Storm Desmond was the fourth named storm of the 2015/16 winter season. It brought severe gales with gusts of wind up to 81 mph together with record-breaking rainfall leading to flooding across parts of northern England.
It was associated with an exceptionally mild and moist air mass over northwestern parts of the UK. Desmond was named on 4 December 2015 and tracked to the north west of Scotland on the 5th and 6th. A very slow-moving trailing front brought heavy rain to southern Scotland, northwest England and parts of Ireland, with Cumbria and Lancashire receiving the most severe impacts.
While the Cumbrian coast received less than 25 mm of rain, 200–300 mm fell on the Cumbrian fells and Honister Pass recorded 341.4 mm of rainfall in the 24 hours up to 6pm on 5 December 2015: a new UK record. A new 48-hour record (from 0900 to 0900 hrs) was also set with 405 mm rainfall recorded at Thirlmere in just 38 hours.
Figures show it was the wettest and mildest December on record for the UK (dating back to 1910) (the mildest for England, Wales and Ireland, and the fifth mildest for Scotland).
National Flood Resilience Review
Following the flooding events of last winter and as part of the National Flood Resilience Review (NFRR) the Met Office was asked to develop extreme rainfall scenarios that were scientifically valid and plausible.
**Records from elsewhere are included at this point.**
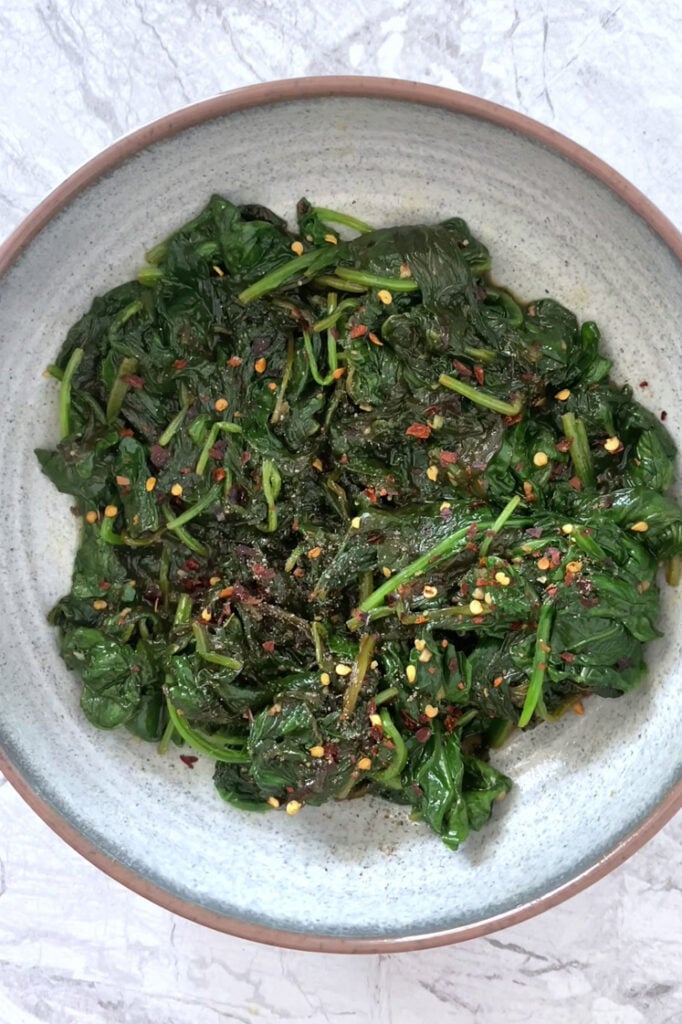 Overhead shot of a serving bowl with the Lemon Garlic Spinach garnished with red pepper flakes and freshly-cracked black pepper atop a marble countertop.
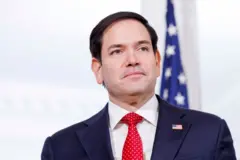 Marco Rubio de terno e gravata vermelha olhando para câmera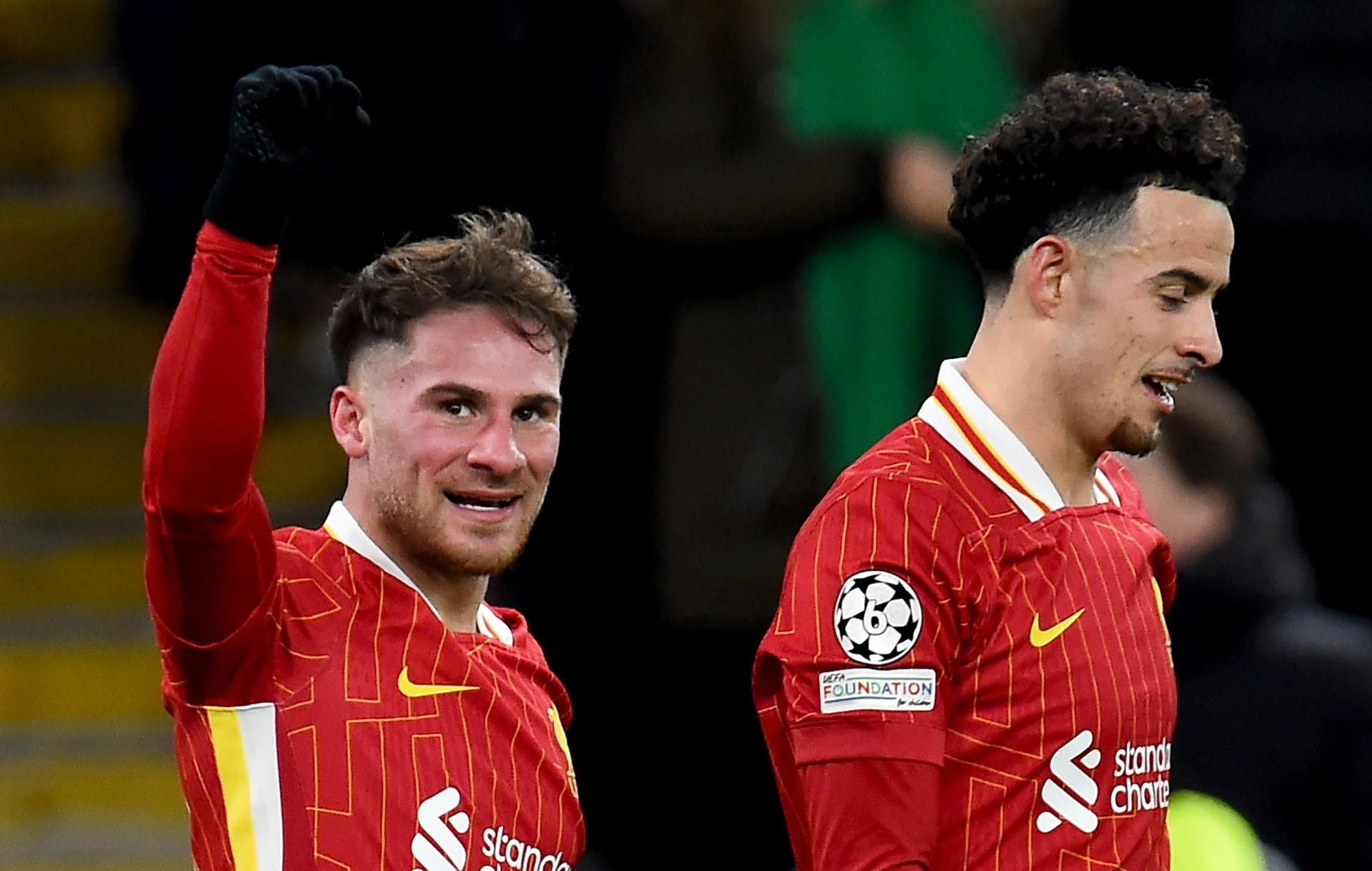 Liverpool (United Kingdom), 27/11/2024.- Alexis Mac Allister (L) of Liverpool celebrates with teammate Curtis Jones after scoring the opening goal during the UEFA Champions League match between Liverpool and Real Madrid in Liverpool, Britain, 27 November 2024. (Liga de Campeones, Reino Unido) EFE/EPA/PETER POWELL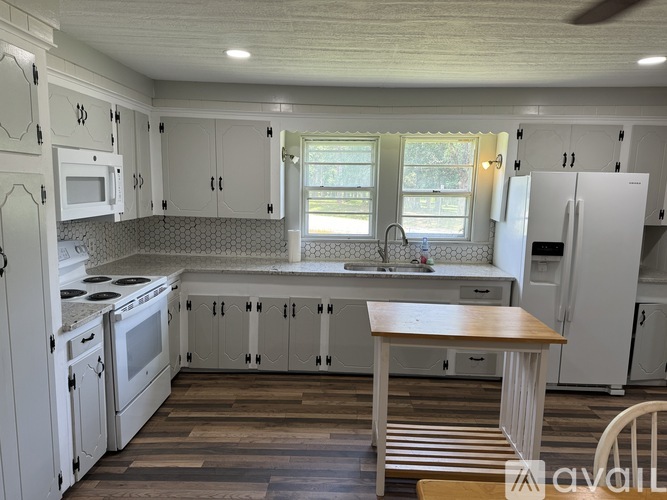 A kitchen with white cabinets and a wooden table.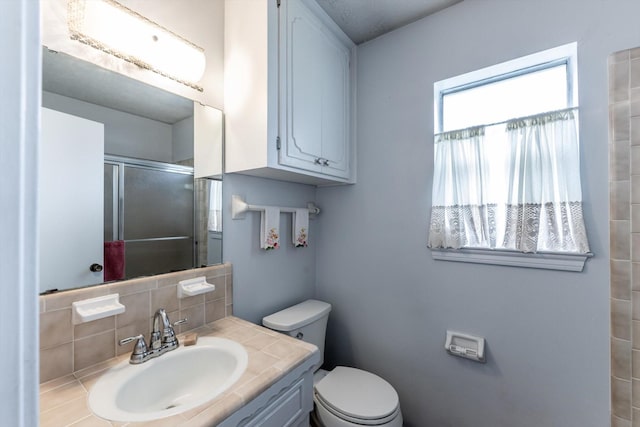 229 Willowbend St, Huntsville, TX 77320 - full bathroom featuring a stall shower, toilet, tasteful backsplash, and vanity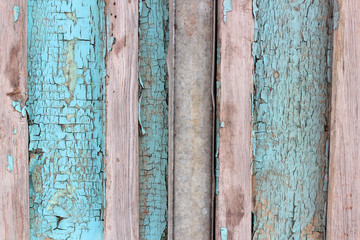 Background texture pattern of weathered wooden planks with grungy remnants of blue paint forming the siding of an exterior building wall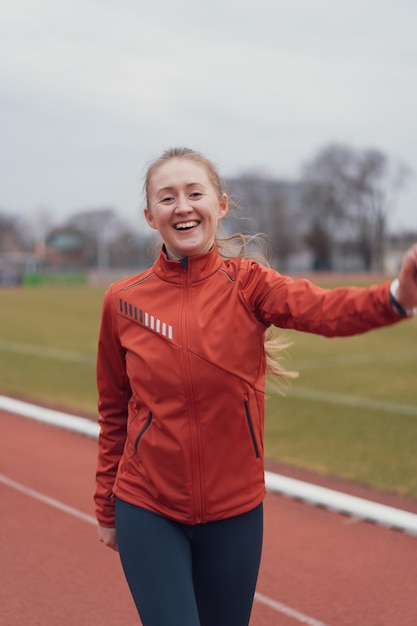 Portret młodej kobiety fitness biegającej na stadionie lekkoatletycznym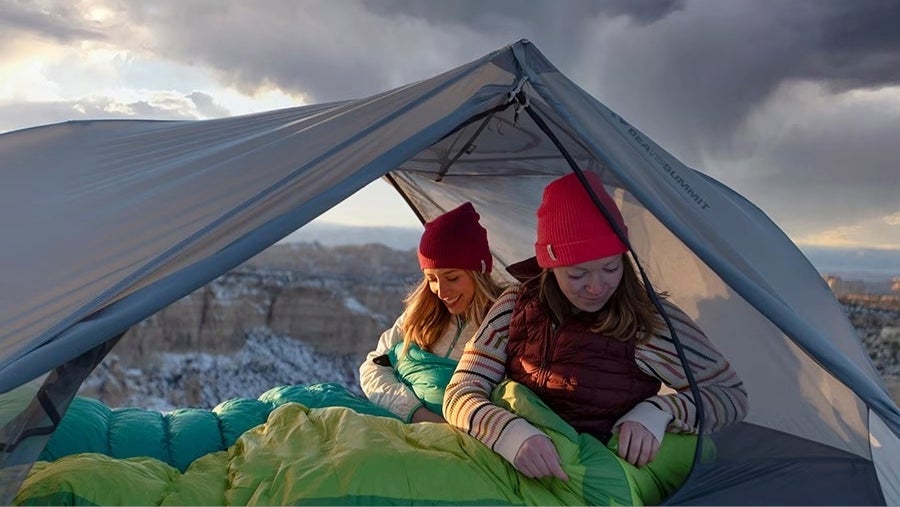 sea to summit telos tent with two women in it in the mountains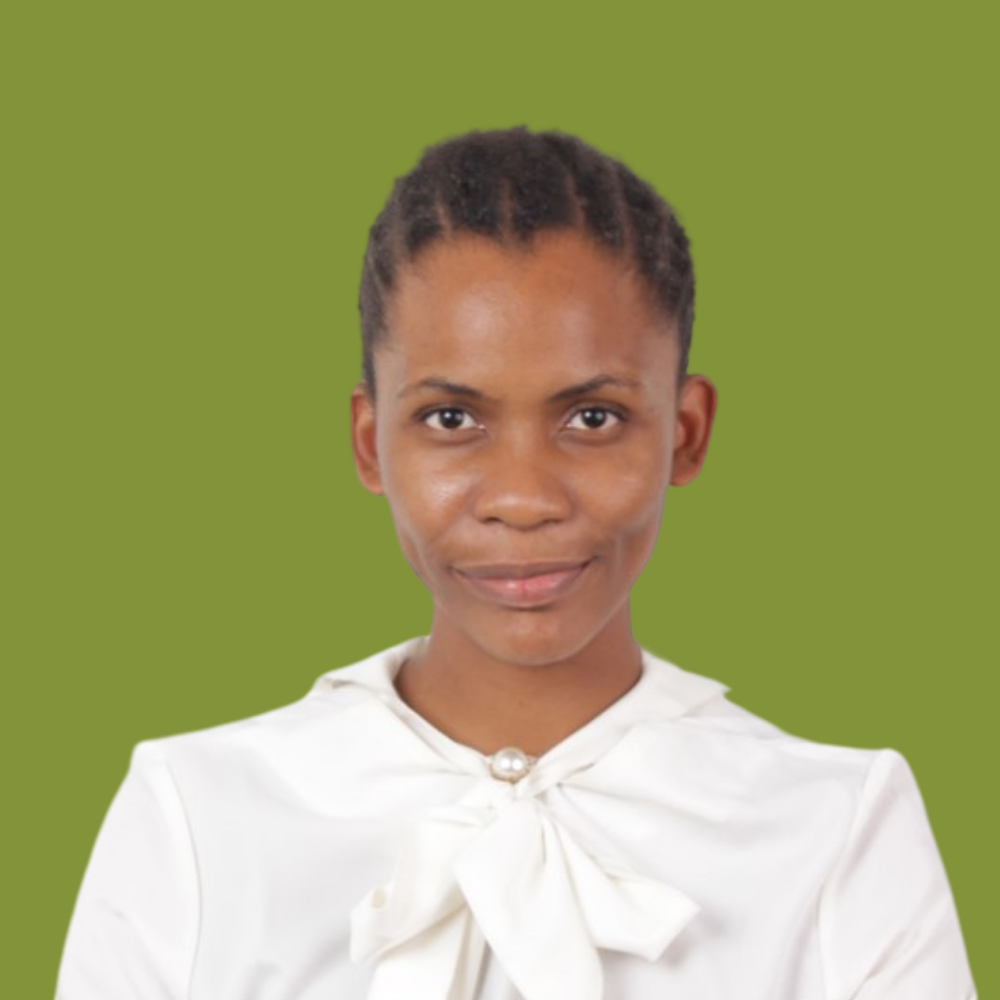 A woman with short, natural hair standing with her arms crossed, wearing a white blouse with a bow at the collar, against a plain green background.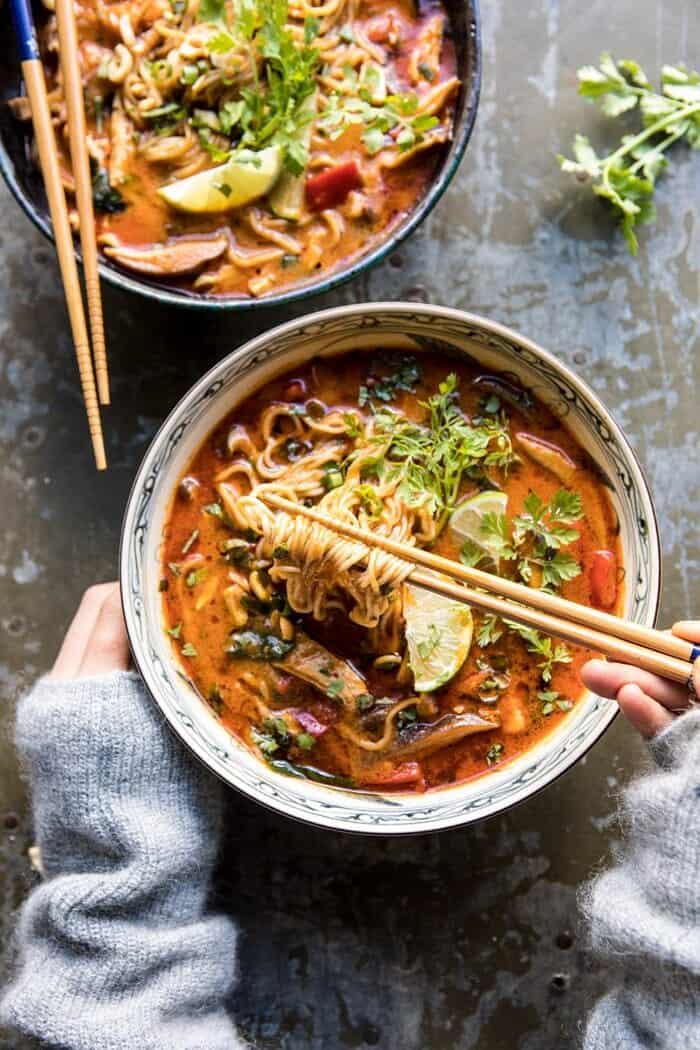 30 Minute Thai Peanut Chicken Ramen | halfbakedharvest.com #soup #instantpot #ramen #fallrecipes overhead photo 30 Minute Thai Peanut Chicken Ramen with hand on bowl pulling noodles out of bowl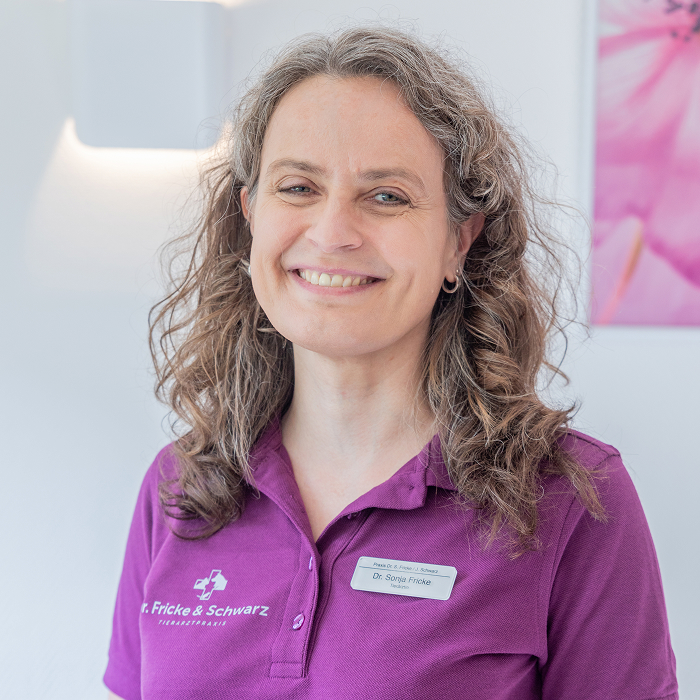 Eine Frau mit lockigem Haar lächelt in die Kamera. Sie trägt ein lilafarbenes Poloshirt mit einem Namensschild, auf dem "Dr. Sonja Fricke" steht, in einer hellen, professionellen Umgebung.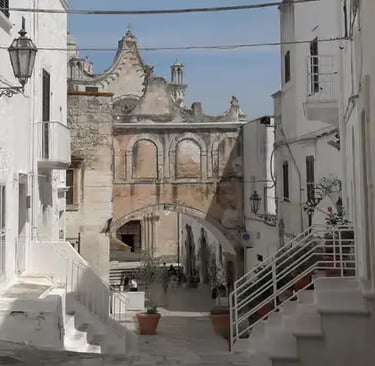 Whitewashed alley with baroque church and stone staircase in Ostuni, the White City of Puglia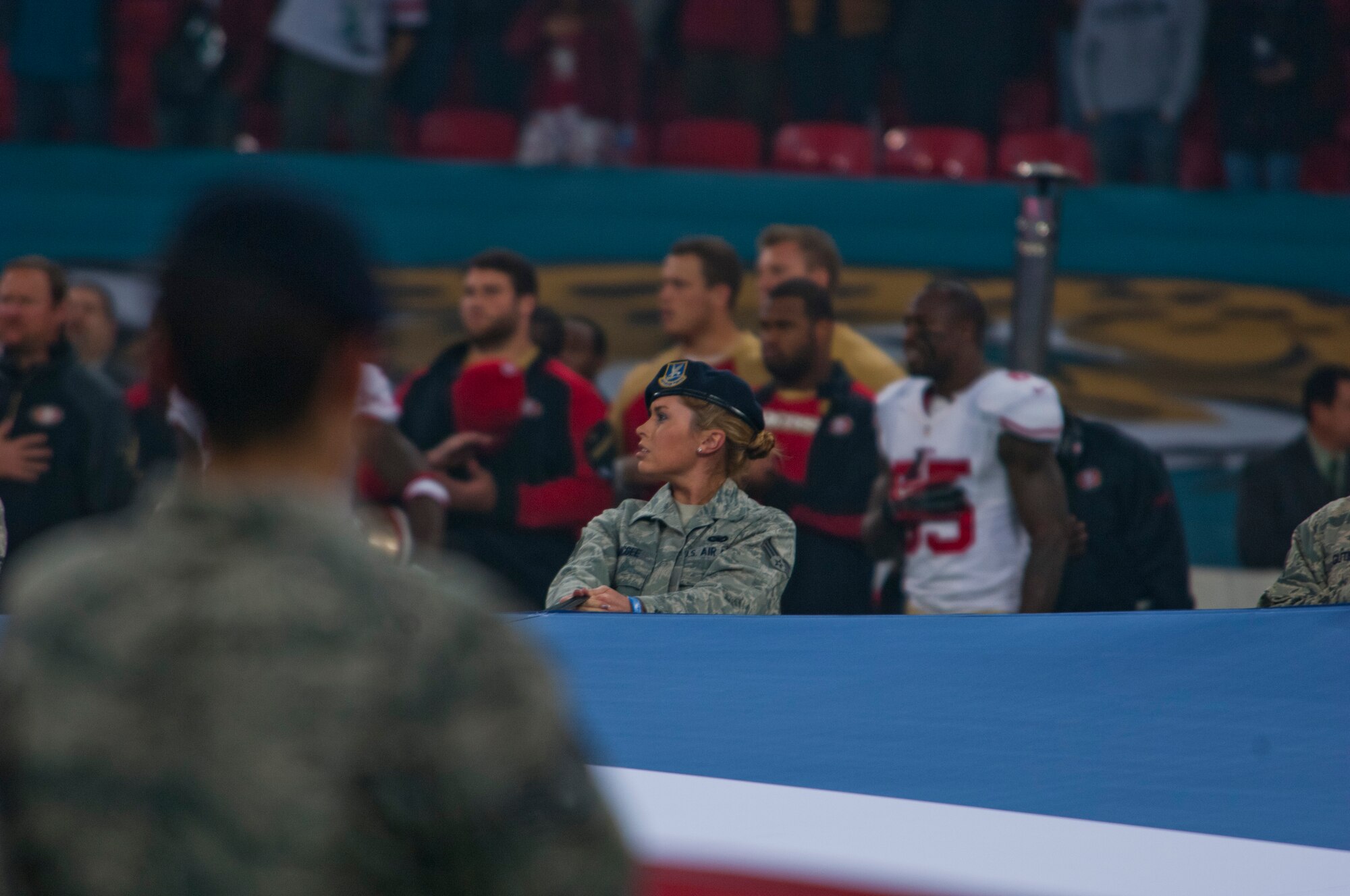 Senior Airman Lindsay McGee, 48th Security Forces Squadron pass and registration clerk, helps hold the U.K. flag at Wembley Stadium, London, just prior to the kick-off of the NFL International Series game between the San Francisco 49ers and Jacksonville Jaguars Oct. 27, 2013. The pregame pageantry also included a joint forces honor guard from Royal Air Force Feltwell and a performance by recording artist Ne-Yo. (U.S. Air Force photo by 2nd Lt. Keenan Kunst/Released)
Our novel and innovative approach was endorsed by the NFRR’s Scientific Advisory Group and corroborated by results from the European Centre for Medium Range Weather Forecasting.
The state-of-the-art Met Office Hadley Centre climate model produced over 11,000 monthly rainfall scenarios for six large regions in England and Wales and for the current climate. These were used to sample many more cases than are available from existing observational records, including several hundred extreme regional rainfall events that are meteorologically possible but lie outside what has been experienced based on our observational records.
The chance of extreme events like these happening was then estimated. The results suggest there is a 1% likelihood every year that winter monthly rainfall totals could plausibly be 20% higher than recent past extremes in some parts of the country and in other areas up to 30% higher than recent past extremes. Over any of the large regions there is also around a 10% chance in any given year of existing monthly rainfall records being matched or broken.
This was used to produce enhanced rainfall data, which was run through the river models of six case studies chosen by the Environment agency as a stress test of their existing flood risk assessments. Using the techniques developed for the flood review, the Met Office will be looking to work with partners on developing a more integrated flood risk modelling approach.
Meanwhile a major upgrade of the UK radar network for meteorology is almost complete providing more accurate, detailed data essential for successful forecasts and crucial for issuing warnings of heavy rainfall events.
Weather radar gives a live picture of precipitation (rain, hail, snow) present in the atmosphere and many may be familiar with radar images of rainfall from TV weather bulletins.
Behind the scenes, radar data are used to continuously update short range “nowcasts” and are used in our numerical weather models to improve forecast accuracy. Richard Bennett, Senior Project Manager said: “Scientific advances mean we can now capture the size and shape of raindrops as well as their composition (ice, water, snow), which will lead to improvements in accuracy of rainfall measurements, particularly during high impact weather events. ”
The changes will help ensure the Met Office continues to play a vital role in providing governments, commercial customers and the public with timely and essential weather forecast and real-time weather information.